## Brief descriptive captions
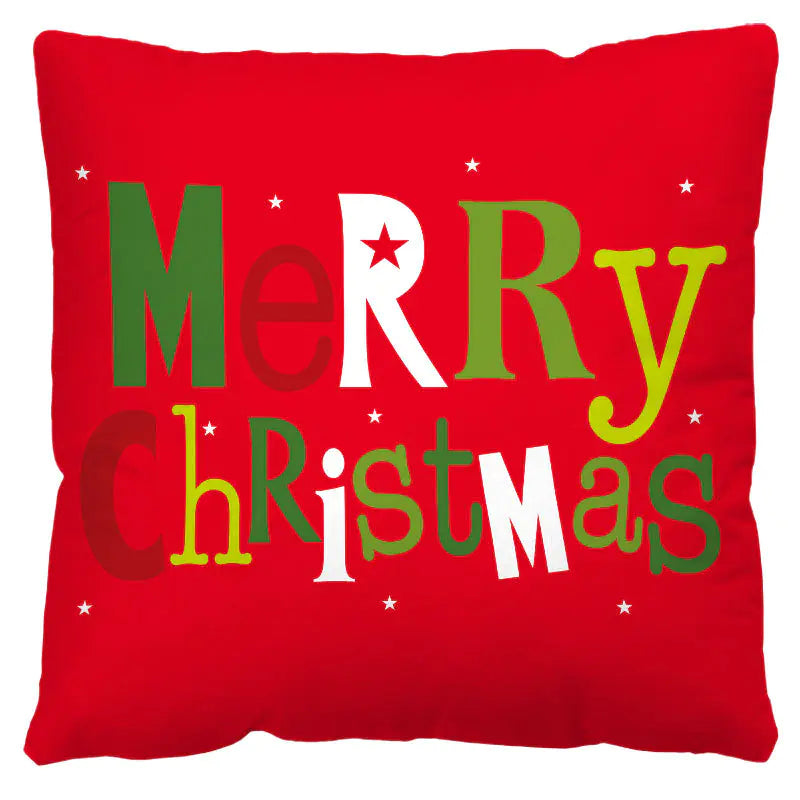 Nordic Red Plaid Holiday Pillow Cover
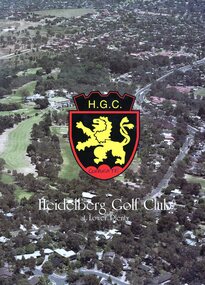 Document - Menu, All Seasons Catering, Corporate catering manus at Heidelberg Golf Club 1998, 1998
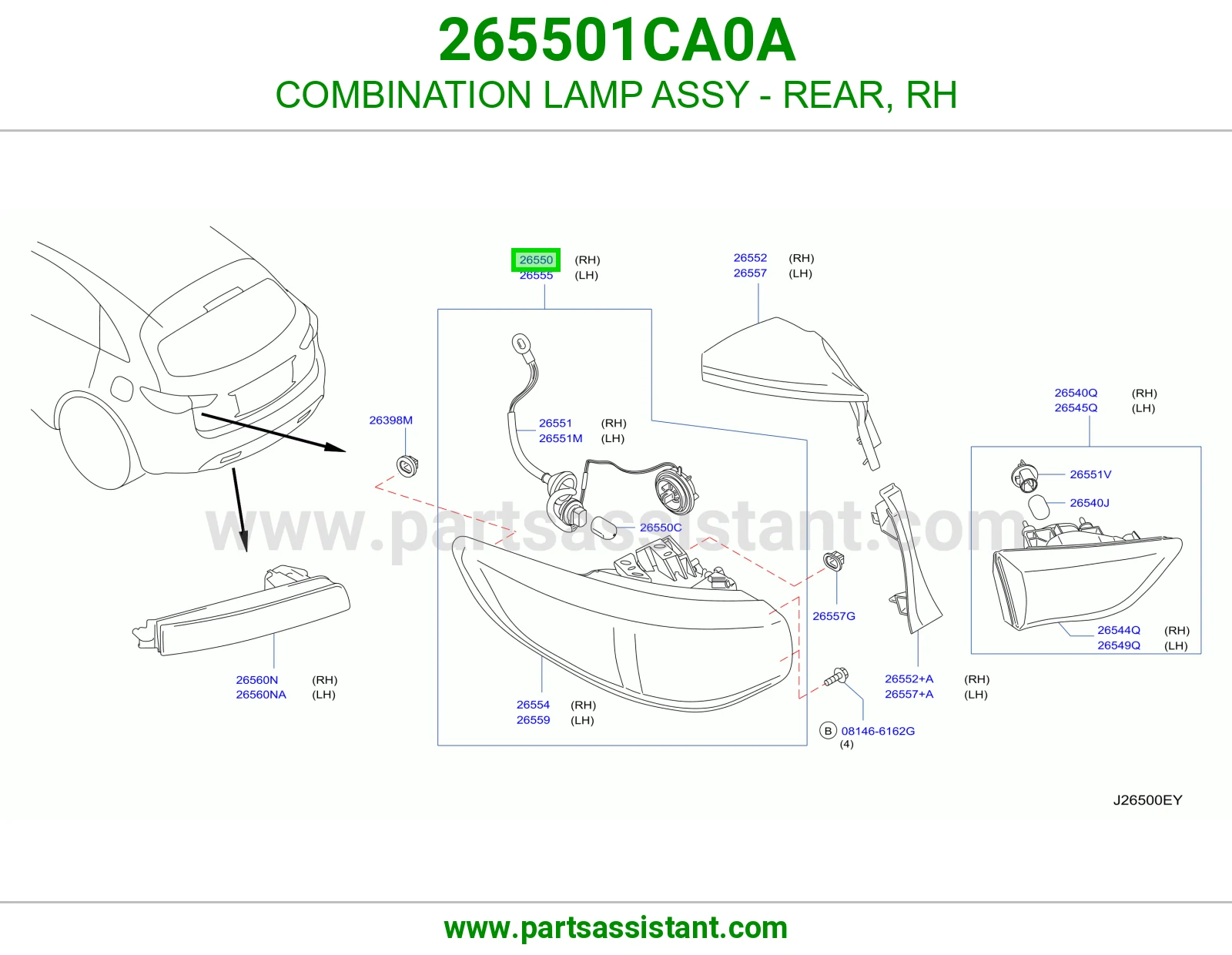 اشاره اسطب خلفي ركن يمين 265501CA0A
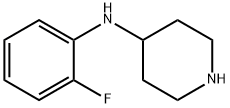 N-(2-氟苯基)哌啶-4-胺结构式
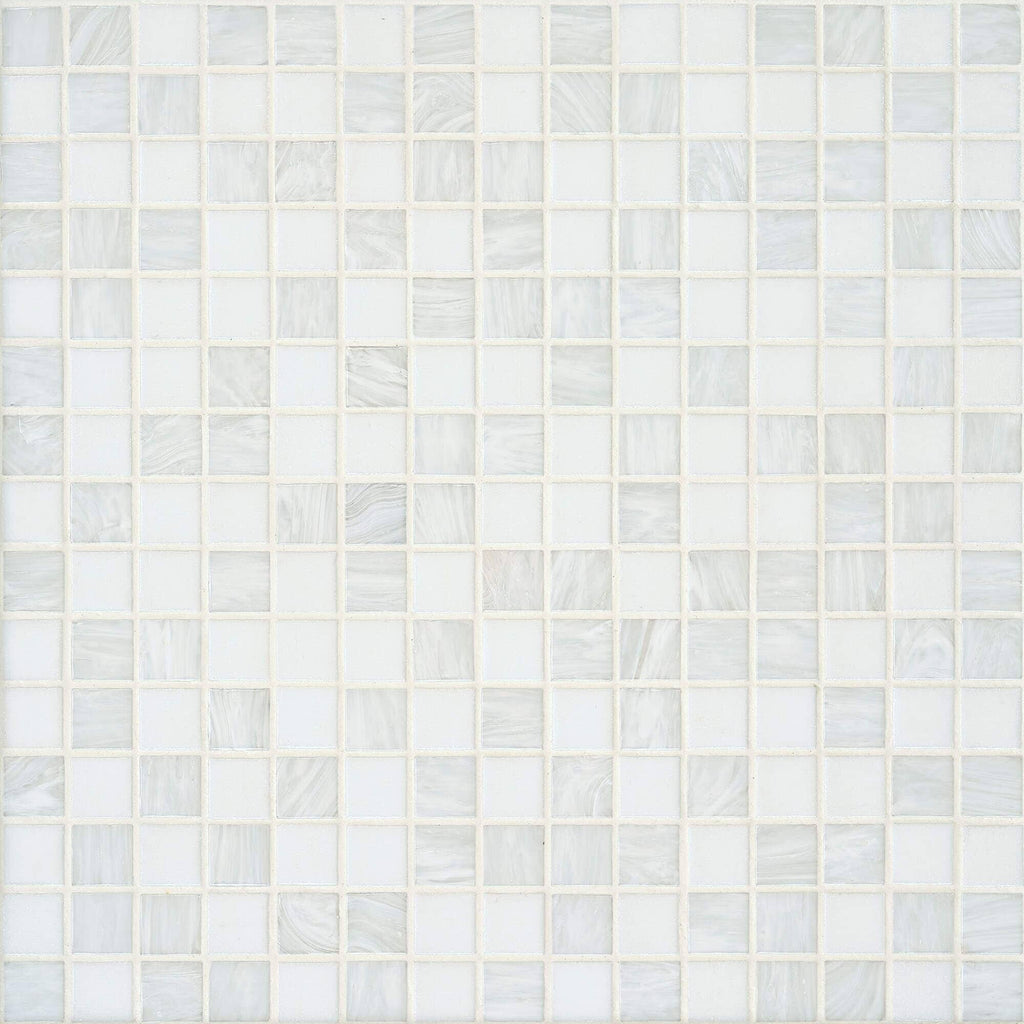 Bisazza, Wall & Floor Glass Mosaic, 20mm x 20mm - 3/4" x 3/4", Chiaccio Plus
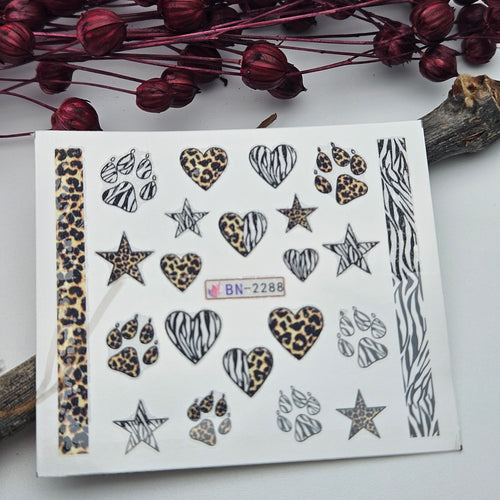 Nail Stickers - Stay Wild No2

## TASK TO COMPLETE
Repeat the data word for word, minus any pictures.

## RESULT FOR THIS EXERCISE
 Nordic Red Plaid Holiday Pillow Cover
 Document - Menu, All Seasons Catering, Corporate catering manus at Heidelberg Golf Club 1998, 1998
 اشاره اسطب خلفي ركن يمين 265501CA0A
 N-(2-氟苯基)哌啶-4-胺结构式
 Bisazza, Wall & Floor Glass Mosaic, 20mm x 20mm - 3/4" x 3/4", Chiaccio Plus
 Nail Stickers - Stay Wild No2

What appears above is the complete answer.